Toutefois, Marc Tardif pense que les actuaires n’auront pas à revoir leurs hypothèses de mortalité ni le prix de l’assurance vie. « Les actuaires vont probablement utiliser des marges pour écarts défavorables en raison de l’incertitude. Plus l’incertitude sera grande, plus l’écart sera élevé. Pour se protéger, les assureurs se serviront de leur capital plutôt que d’augmenter les prix. Nous sommes dans un marché compétitif. C’est le marché qui va dicter la marche à suivre », ajoute-t-il.

Ces écarts additionnels pourraient être de courte durée. « Si les décès en lien avec la COVID-19 sont contrôlés, on devrait pouvoir retirer l’effet COVID-19 au moment de calibrer ce à quoi l’on s’attend pour 2021, 2022 et 2023 », dit M. Tardif.

Mais retirer cet effet dépendra de plusieurs facteurs, ajoute-t-il. « Maintenant que la majorité des gens sont doublement vaccinés et que les vaccins semblent efficaces, comment se projeter dans le futur ? Y aura-t-il une quatrième vague ? Les vaccins pourront-ils balayer les variants ? »

Autre rapport à venir

Il y aura d’autres rapports. « L’ICA est déterminé à poursuivre cette collecte régulière de données, afin d’aider les décideurs du Canada à gérer les répercussions futures de la pandémie sur l’industrie, à mitiger les risques et à assurer la stabilité financière », a déclaré Keith Walter, président de la direction de la recherche de l’ICA.

« Puisqu’au Canada la deuxième vague de COVID-19 s’est prolongée jusqu’en janvier et février 2021, le prochain rapport trimestriel indiquera son incidence », a d’ailleurs annoncé l’ICA.

Des données de plus en plus précises

Onze assureurs ont fourni des données sur les demandes de prestations d’assurance vie selon « la date réelle du décès », peut-on lire dans le rapport de l’Institut canadien des actuaires. Les deux autres assureurs ont fourni des données sur les demandes selon « la date de déclaration du décès ».

Ce détail importe aux yeux des auteurs du rapport de l’Institut. « Bien que la déclaration fondée sur la date réelle du décès entraine des changements au chapitre de la déclaration mensuelle des demandes de prestations à mesure que davantage de données sont fournies, elle permet de mieux analyser l’impact de la pandémie au fil du temps. »

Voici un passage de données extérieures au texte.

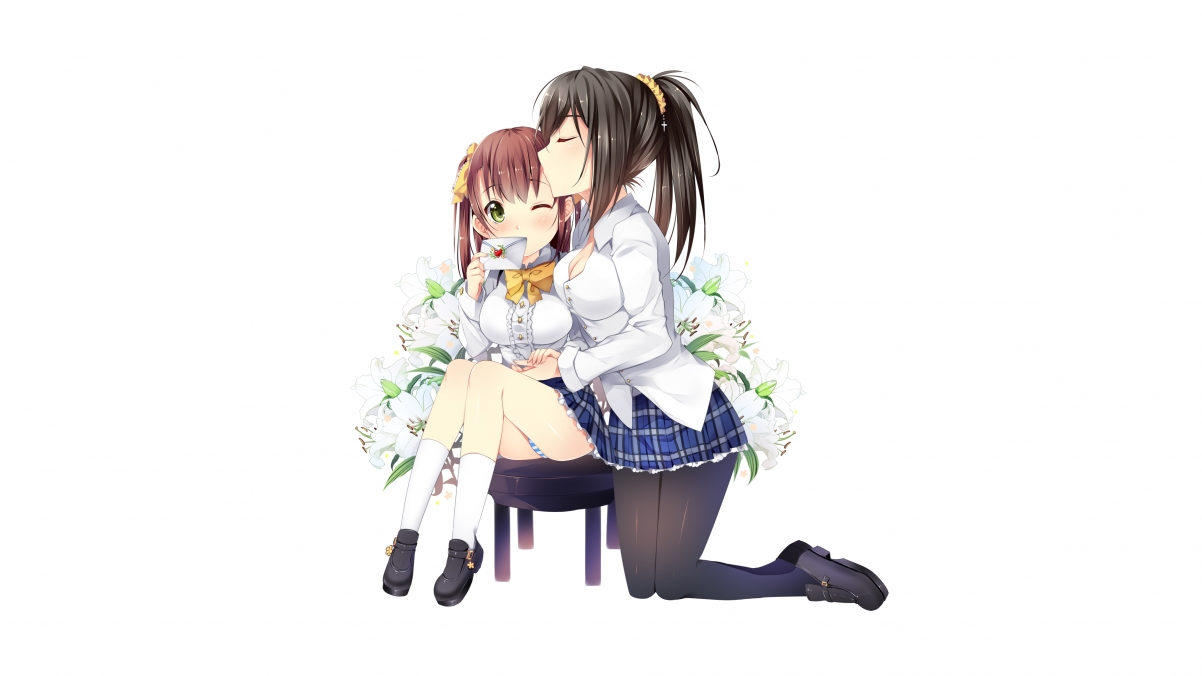 pg电子试玩网-双城记，米兰的战术棋盘与洛杉矶的巨星洪流—当意甲焦点战遭遇湖人强压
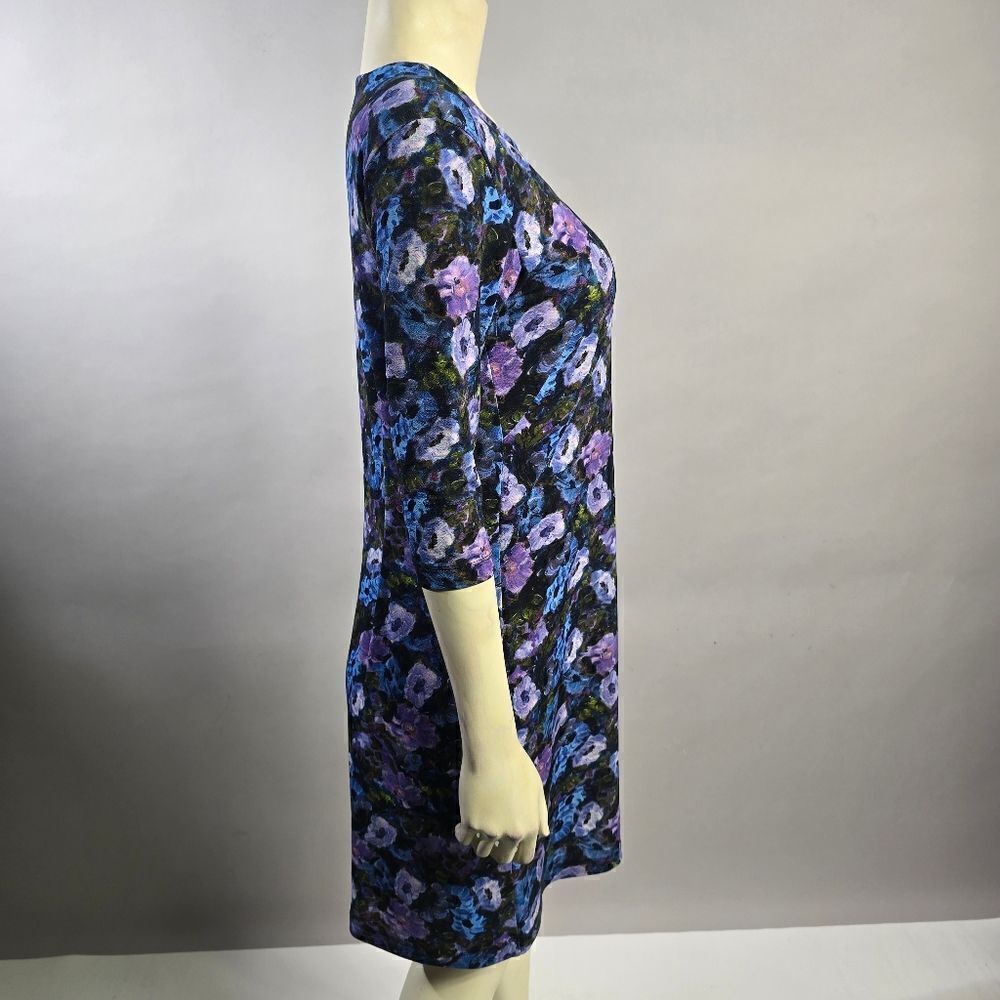 Anne Elisabeth size 38 dress R9 - Picture 2 of 5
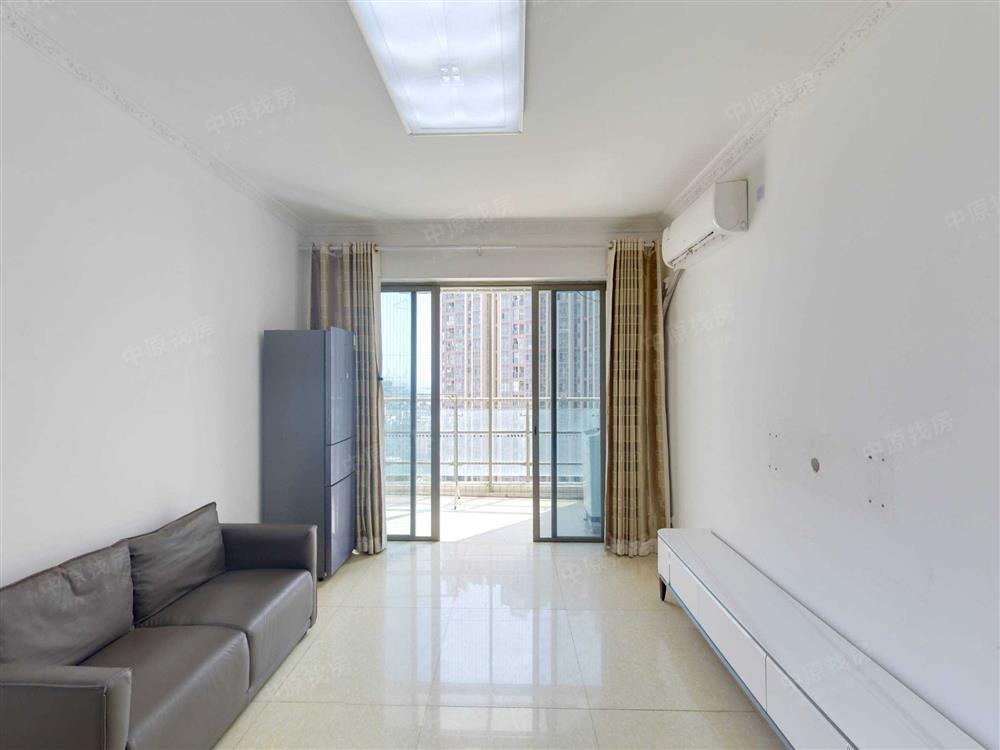 碧海富通城（六期）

Marc Tardif révèle par ailleurs que le rapport regroupe des données de 13 compagnies canadiennes alors que la dernière étude régulière de mortalité de l’Institut canadien des actuaires ne regroupait que 8 compagnies.

La pandémie cache des conséquences néfastes

Marc Tardif jette un regard sombre quant à l’impact de la pandémie sur le traitement d’autres maladies. Lui-même actuaire, il a déjà été président de l’Institut canadien des actuaires et il est actuellement président du Forum sur la mortalité de l’Association Actuarielle Internationale (AAI).

Selon M. Tardif, les traitements et les opérations mis sur la glace en raison de la COVID-19 pèseront dans les résultats des prochaines années. « Nous nous attendons à des effets du délestage des traitements dans la population assurée. Le cancer sera probablement la cause numéro un, en raison des gens qui auraient dû être traités et ne l’ont pas été. Nous prévoyons que le manque de traitement pour le cancer ou des traitements qui n’ont pas été dispensés assez tôt soient des facteurs qui feront augmenter le nombre de décès dans les années à venir », prévoit M. Tardif.